An article on the challenges of writing the play appeared in 2010: ‘Servant of the Revolution: The creative art of serving history and the imagination’, Hecate: An Interdisciplinary Journal of Women’s Liberation 36(1&2): pp. 137–52.
Endorsements
Servant of the Revolution presents and analyses, in a concentrated, real time situation, the crosscurrents of lofty idealism vs. cruel pragmatism and enduring love vs. enduring duty. These forces swirl about and trap Lenchen, the faithful servant of the Marx family and the mother of Karl Marx’s illegitimate son.
Cunningly, Anitra Nelson puts Engels, not Marx, on stage as go-between and manipulative fixer when Lenchen wants to see and know her boy, long since fostered out and now a man. Engels, the prophet of revolution and freedom, pleads Victorian respectability to prevent her. He plays on the servant’s own devotion to the cause and on her indestructible love for her master, Marx.
At the end, a cheery Mrs Marx — who knows, but chooses not to know — returns home and Lenchen is where she began: the faithful servant, who will serve to the end. Her yearning can’t break through and she can’t break out.
An ironic slice of imagined biography, based on known facts, about how revolutionaries can exploit the proletariat, and are human, all-too-human, too.

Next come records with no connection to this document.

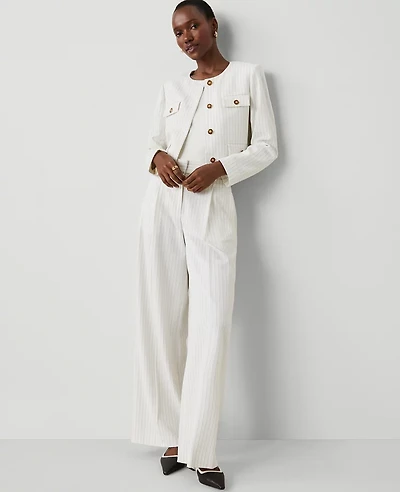 Ann Taylor The Petite Pleated Wide-Leg Pant in Pinstripe Size 12 Dusty Ivory Melange Women's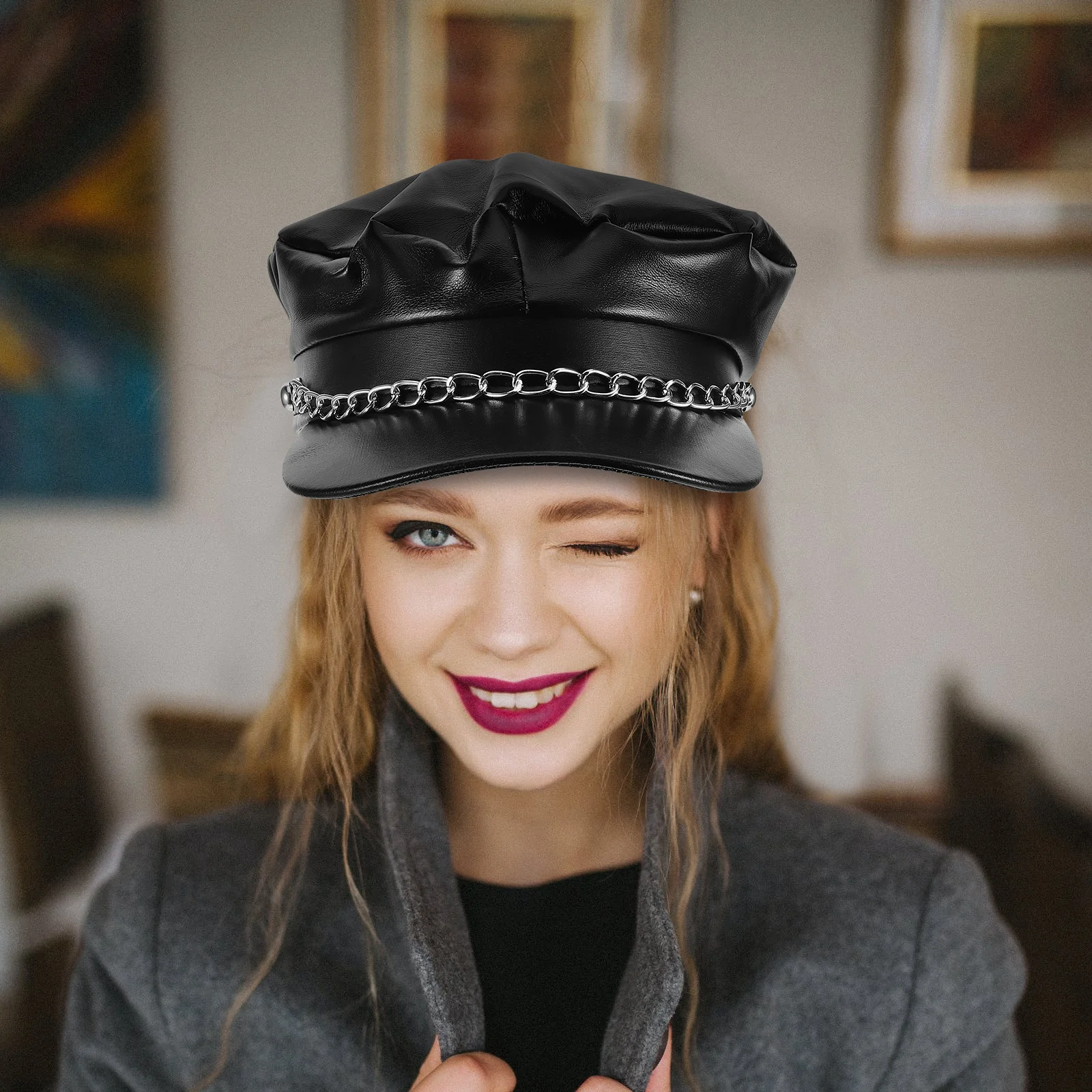 

Navy Cap Vintage Pu Flat Top Sailor Hat Chain Decoration Men Women Fashion Party Travel Accessory Sailor Ship Cap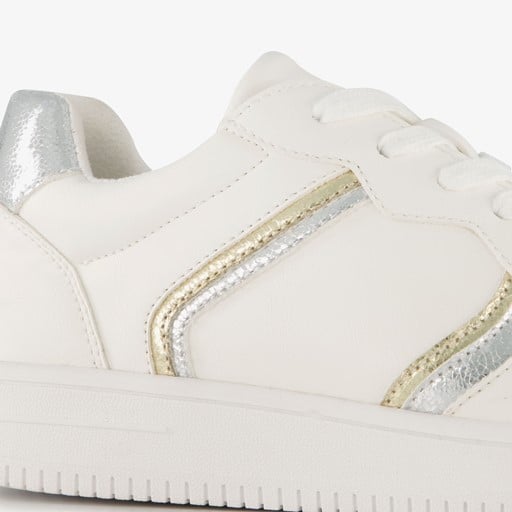 Metallic dames sneakers wit zilver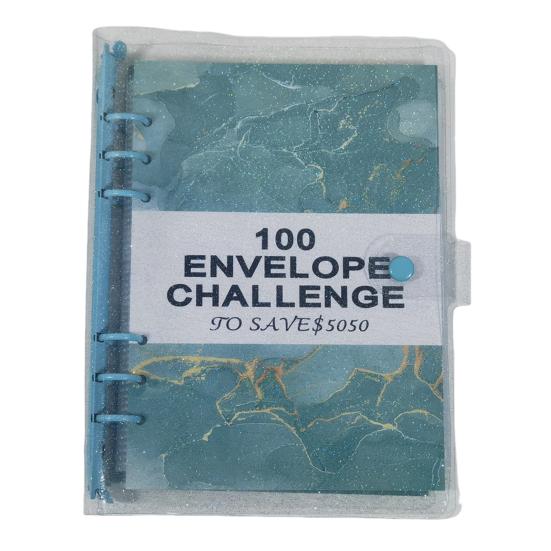 Книга-переплет для экономии денег на 100 дней с водонепроницаемыми мягкими гибкими конвертами для наличных денег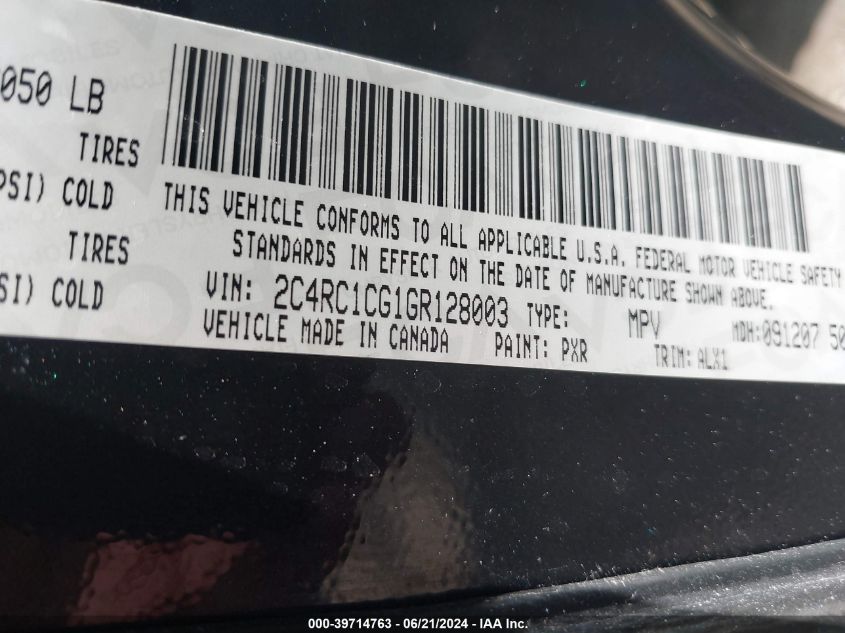 2016 Chrysler Town & Country Touring-L Anniversary Edition VIN: 2C4RC1CG1GR128003 Lot: 39714763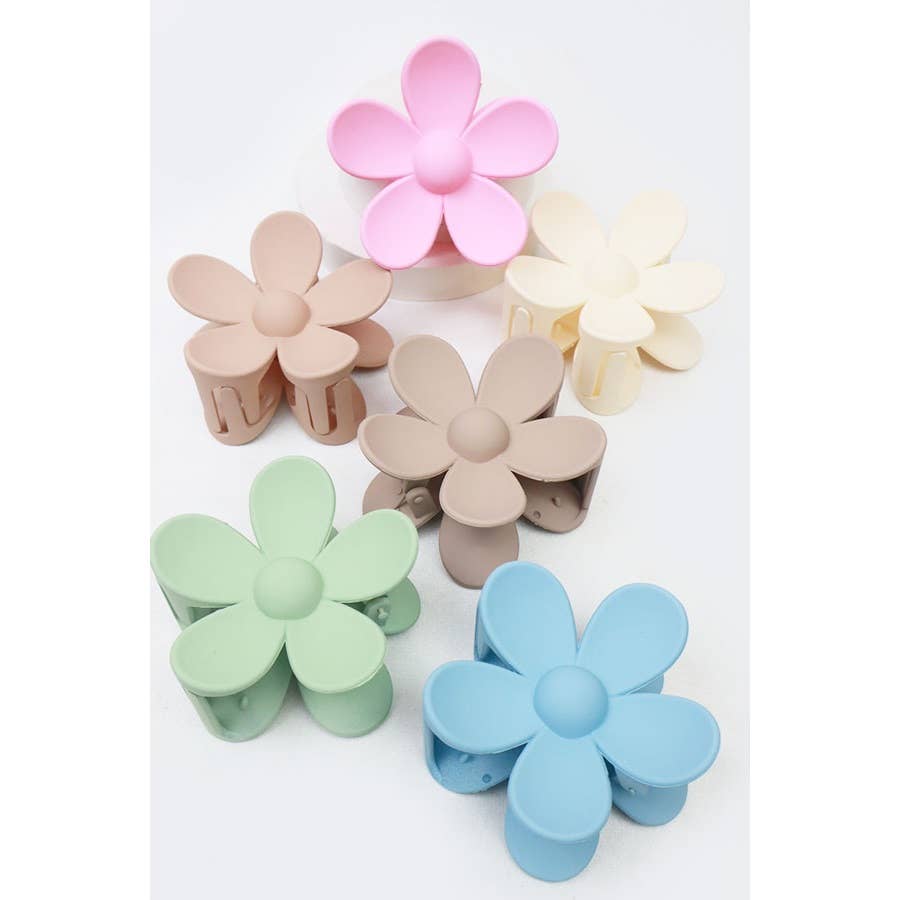 Matte Tone Daisy Hair Claw Sets: MIX COLOR / ONE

Award-winning screenwriter and script editor Michael Brindley
The major impression after watching Servant of the Revolution is that one has been given a unique and disturbing glimpse into the specific circumstances and personal conduct of Karl Marx and his family.
The domestic arrangements and the personal/class relationships portrayed in the play appear detailed and authentic. The central dialogue between Engels and Helene Demuth is lively, compelling and unsettling. Every character has an individual voice and manner. By placing the action in the kitchen, the author is able to sharpen and foreground the awkward, confronting class tensions. That Marx himself doesn’t appear and others are left to pick through the consequences of his actions, creates tension and a degree of justified anger in the spectator. His absence and that of the unacknowledged son, has a potent theatrical effect.
All in all, Servant of the Revolution reveals a formidable level of research and a commitment to the complexity and truth of a potentially tragic situation. It provokes consideration about issues of class, gender and politics that remain largely unresolved and unacknowledged today.